The idea came when I noticed that prices for certain types of item varied tremendously depending on where the item was sold. I observed that on eBay, quite a few ‘top ticket’ items were struggling to attract the same interest and realise the same values as they did elsewhere, such as in a specialist auction. I then became aware of a feeling that many prospective buyers were giving eBay a wide berth, and with that it dawned on me that if there was an alternative to eBay – a website that vetted it’s sellers more rigorously and was more accountable – there would be a much wider, much more confident buying audience available, and accordingly, a chance of the seller securing a better price for their item.
Buyers could be enticed in by the promise of no buyers’ premium and a regulated application process for sellers; who benefit from our competitive 8% commission rate on sales. Bearing in mind that eBay charges a 10% sellers’ fee, and physical auction houses charging anywhere up to 20%, I believe that if you have railwayana to sell the cheapest way to do it is with Mid-Rail. You also don’t have to wait several months to enter the item into auction; at Mid-Rail, once registered, your items can be online in minutes.
So a bit about me then. My involvement on the railways began in 2005 when I took a job with a building services contractor in Melton Mowbray and was assigned to work on the firm’s contract with Midland Mainline, the train operating company (TOC) that operated trains on the mainline between Sheffield and London St. Pancras. During my time with the firm, I completed my electrical apprenticeship and became part of a 4-man team that maintained and repaired the stations in Sheffield, Chesterfield, Derby, Leicester, Market Harborough, Kettering & Wellingborough.
In 2009 the merger of Midland Mainline and Central Trains’ networks gave rise to East Midlands Trains, and with that, my colleagues and I suddenly gained another 82 stations to look after. Now, instead of just tracking up and down the M1, we suddenly found ourselves becoming acquainted with roads like the A50, A52 and the A17 in order to find and look after rural outstations such as Bottesford, Havenhouse and Alsager, and stations serving larger towns such as Mansfield, Kidsgrove and Skegness, each is unique with its own ‘feel’ and no two days were ever the same – just the way I like them!
It wasn’t until 2016, eleven years into my time on the railways that I took much notice of the railwayana scene. A spontaneous random search on eBay led to the purchase of my first sign – a Regional Railways platform sign from Spooner Row station in Norfolk. The rest, as they say, is history, and I have been collecting and trading railwayana ever since, making friends and meeting great people in the process.
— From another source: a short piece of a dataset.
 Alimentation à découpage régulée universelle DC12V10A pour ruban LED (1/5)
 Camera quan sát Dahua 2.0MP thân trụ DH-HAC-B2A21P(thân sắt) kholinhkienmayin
Sadly my role looking after the railway stations of the East Midlands came to an end in September 2018, but my love for the railways has not ended, and my best friends are the men I left behind who still maintain the stations of the East Midlands to this day. I often long to re-join them, roving across the Midlands keeping our wonderful stations running. Maybe one day I may go back!
I live just outside Newark on Trent in Nottinghamshire with my partner Sally, and our 9-year-old son, Lawrence.